Так проходят дни жизни в Риме. Их трудно считать, и они текут легкой чередой, образуя недели, месяцы, годы. Какая убаюкивающая сила должна быть в этой жизни, оправдывающейся одним скользящим впечатлением, мелькнувшим образом, — утренним силуэтом Сорактэ, увиденным с Понте Маргерита, трепещущими в полуденном свете очертаниями ряда далеких пиний за виллой Памфили. С каждым таким видением странным образом крепнут нити, привязывающие нашу судьбу к судьбе этого удивительного города. Интерес к Риму не слабеет никогда, и нет пределов для внимания, устремленного к мельчайшим чертам и подробностям его облика. Чувствами, которые он внушает, нельзя насладиться досыта. «Чтобы подняться на высоту этих чувств, — пишет Стендаль, — надо долго любить и знать Рим. Юноша, который никогда еще не встречался с несчастием, не поймет их». И в другом месте своих «Прогулок по Риму» он называет радость, которую дает испытывать Рим, «грустной радостью меланхолических сердец». Рим дорог тем, что в нем так прекрасно и так печально. Здесь все проникнуто важным раздумьем свершения, свободным от утомляющей суеты действия. Формы жизни найдены и много раз повторены в веках. Материальное значение вещей изжито, освобождена их духовная сущность. Все, на чем останавливается здесь взор, — гробницы, но так долго обитала здесь смерть, что этот старейший и царственнейший из ее домов стал, наконец, самим домом бессмертия.
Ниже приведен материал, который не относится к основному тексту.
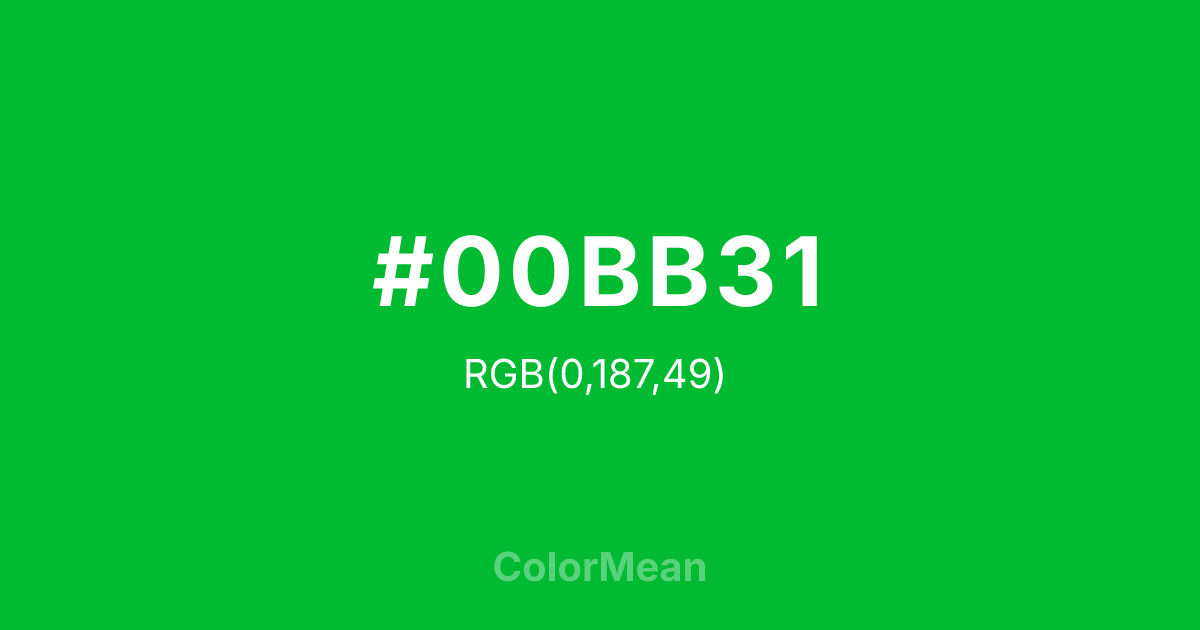 #00BB31 color swatch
Так проходят дни, и вот наступает день разлуки с Римом. «Когда приблизился мой отъезд, — писал Гете, — я стал испытывать особенного рода горе. Когда без всякой надежды на возвращение приходится расставаться с этой столицей мира, гражданином которой удалось быть на некоторое время, тогда в душе поднимается чувство, не находящее слов для выражения. Никто не может понять его, если не испытал его сам». Чтобы осталась надежда еще раз увидеть Рим, надо проститься с ним по старинному обычаю путешественников — бросить монету в фонтан Треви и напиться оттуда воды. Никогда маленькая площадь Треви не кажется такой прекрасной и оживленной, как в этот последний вечер. Солнце уже садится; отряд карабинеров возвращается с музыкой из караула на Квиринале, и сопровождающая его толпа любопытных смешивается с толпой, выходящей после вечерней службы из церкви Санти-Винченцо Анастазо. Из ее открытых дверей пахнет ладаном, воском и цветами, в темной ее глубине видны горящие перед алтарем свечи. В последний раз взгляд обращается к ее элегантным тройным колоннам, каменным гирляндам и волютам барокко. Безмерно счастливым хочется назвать в эту минуту римский люд, заполняющий площадь, ибо ничто не мешает ему жить под этим небом Рима. Взор тонет в его вечерней синеве, которая кажется еще более глубокой рядом с пылающим в рассеянном свете красным домом, направо от фонтана. Только в Риме и Венеции встречаются дома, окрашенные так сильно и нежно. Вместе с наступающей темнотой толпа понемногу растекается по узким улицам, ведущим к Корсо или Квириналу. Появляется небольшое общество молодых иностранок, пришедших совершить тот же обряд расставания с Римом. Они смеются и бросают уже невидимые в темноте монеты. А затем наступает и наша очередь. Мы спускаемся к бассейну; близкий отсюда гул каскадов кажется прощальным, и водяная пыль, оседающая на лице, вызывает легкую дрожь. Какие-то человеческие существа, расположившиеся на ночлег в нишах ограды, копошатся там смутно; их голоса похожи на трубный и хриплый голос тритонов. Серебряная монета блестит на миг и исчезает под черной поверхностью. Зачерпнутая рукой из боковой струи вода успевает омочить губы, вкус ее свеж и сладок. Когда мы выходим на площадь, мне видно в желтом свете, льющемся из окон остерии, как печально твое лицо, милый друг, как даже воды Треви, сулящие скорое возвращение, не успокоили тоски от этой разлуки с Римом, — тоски, которая будет преследовать повсюду вдали от Рима.
Античное
Проезд вокруг стен собора Святого Петра, ведущий к садам Ватикана и к Бельведеру, является большую часть дня одним из самых тихих мест в Риме. В послеполуденные часы здесь можно встретить разве только быстро пробегающего священника в блестящей черной шляпе или процессию молодых семинаристов, нарушающих тишину пьяцца делла Сагрестия топотом своих казенных башмаков. Они проходят, и площадь снова погружается в дремоту, безлюдная, нагретая солнцем, прислушивающаяся сквозь одолевающий ее сон к говору тонкой струи, льющейся в почерневший саркофаг.